Christopher Kerns, executive director of research for the Advisory Board Company, said hospitals are poised “to suffer all the down-side aspects of repealing the ACA and none of the upsides. Cuts to Medicare reimbursement are not likely to be scaled back and are likely to remain intact, while providers are concerned that coverage expansions will be cut. An outright repeal of the ACA likely means subsidies will be phased out for insurance exchanges and Medicaid expansions.”

Kerns said hospitals also fear that an ACA repeal could doom the investments hospitals have made in care transformation.

“If those reimbursement models, which have been moving from fee for service to risk-based, go away, what happens next?” Kerns said in an interview.

Kerns said that another concern is the uncertainty surrounding access to capital, which has improved since the financial crisis.

“Issues about reimbursement can cast a cloud on hospitals’ ability to access reasonably priced tax exempt debt,” Kerns said.

Hospitals will be eager to see who President Trump selects to head HHS, Kerns said.

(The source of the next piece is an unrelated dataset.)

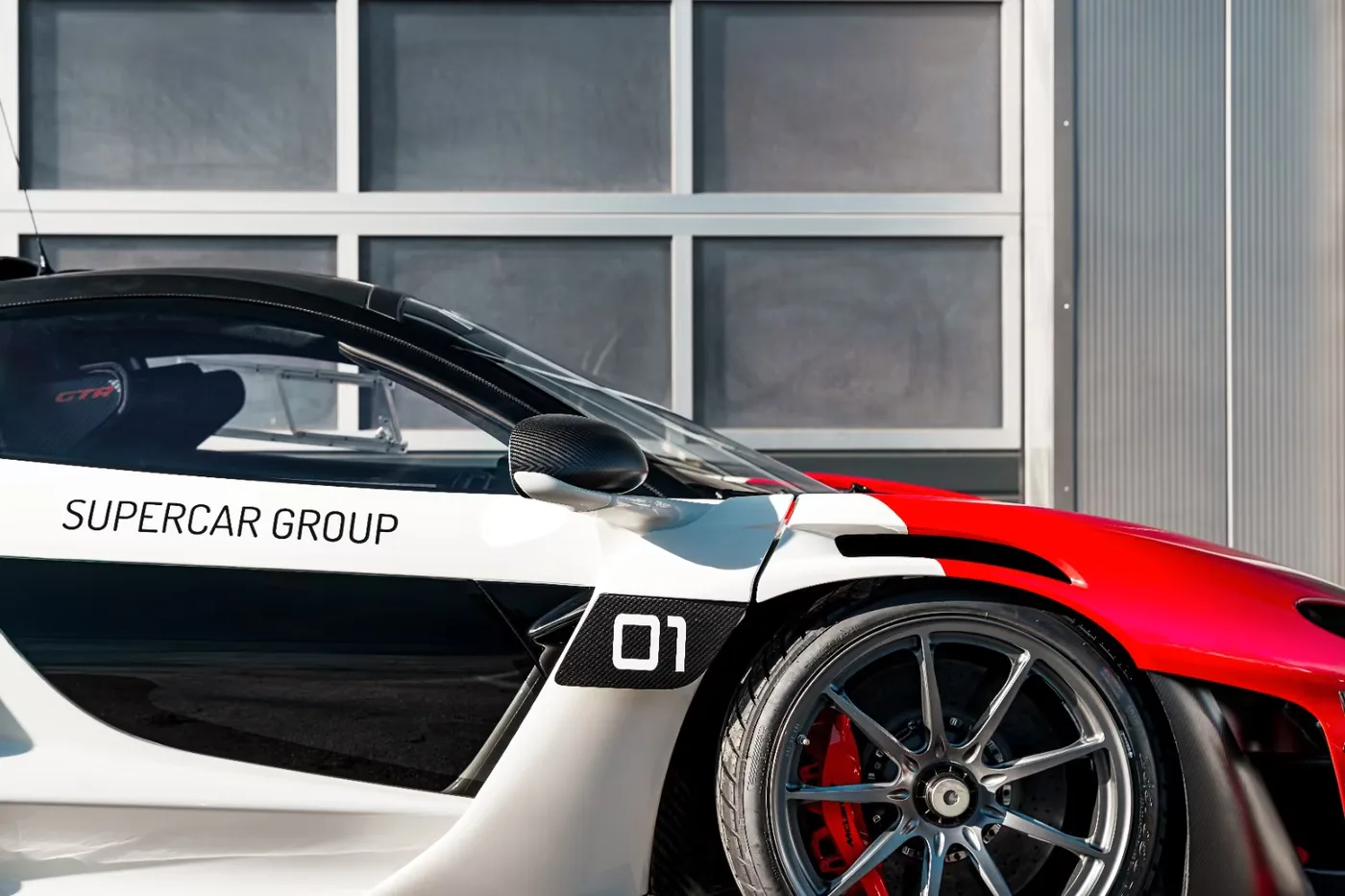 2019 McLaren Senna GTR angeboten von einem Supersportwagenhändler in Munich, Deutschland, Foto 3 von 15
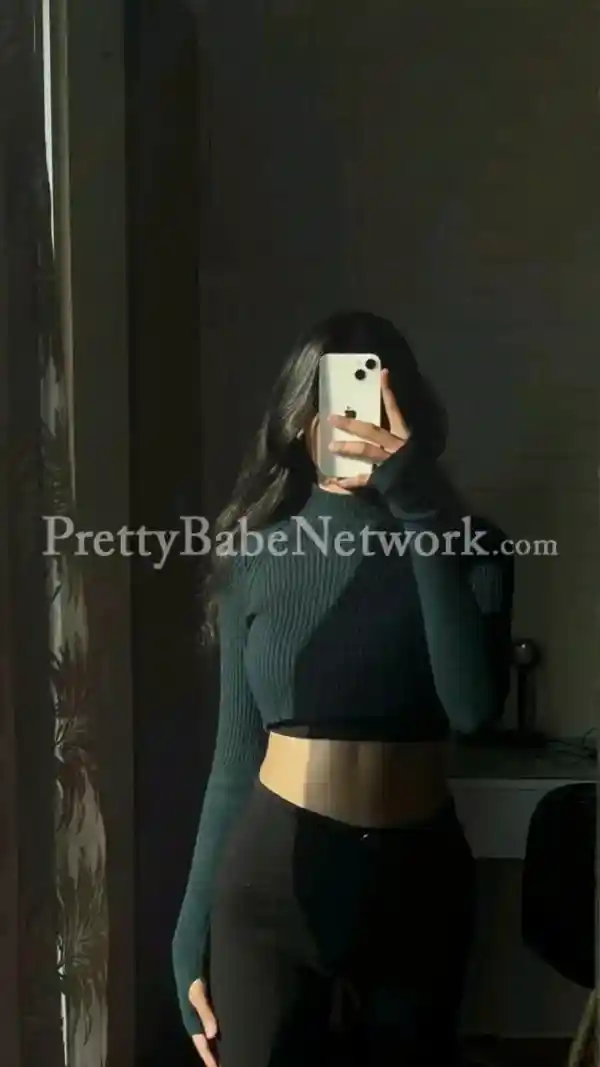 TV Celebrity Escort Akansha for High-Class Services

“They’ll be watchful for that person’s priorities and the order of events for managing the ACA’s repeal,” Kerns said. He added that the HHS secretary wields great power in interpreting regulations.

Chip Kahn, president and CEO of the Federation of American Hospitals (FAH), said the organization is “taking everybody at their word that one of the Republicans’ top priorities is repealing the ACA. But the circumstances under which it is deconstructed or revised are very critical to us and to the patients and communities we serve.”

Kahn said that people who have had insurance coverage for the first time through the state exchanges or Medicaid expansion may be at risk. 

“We don’t know that there will be a real replacement,” Kahn said in an interview.

While Republicans may seek to repeal Obamacare entirely, Kahn said, they may be unable to do that.

“It takes 60 votes in the Senate and Democrats have 48,” Kahn said. “So this will likely be worked out in some kind of budget reconciliation.”


Mark Taylor is a freelance writer based in Chicago.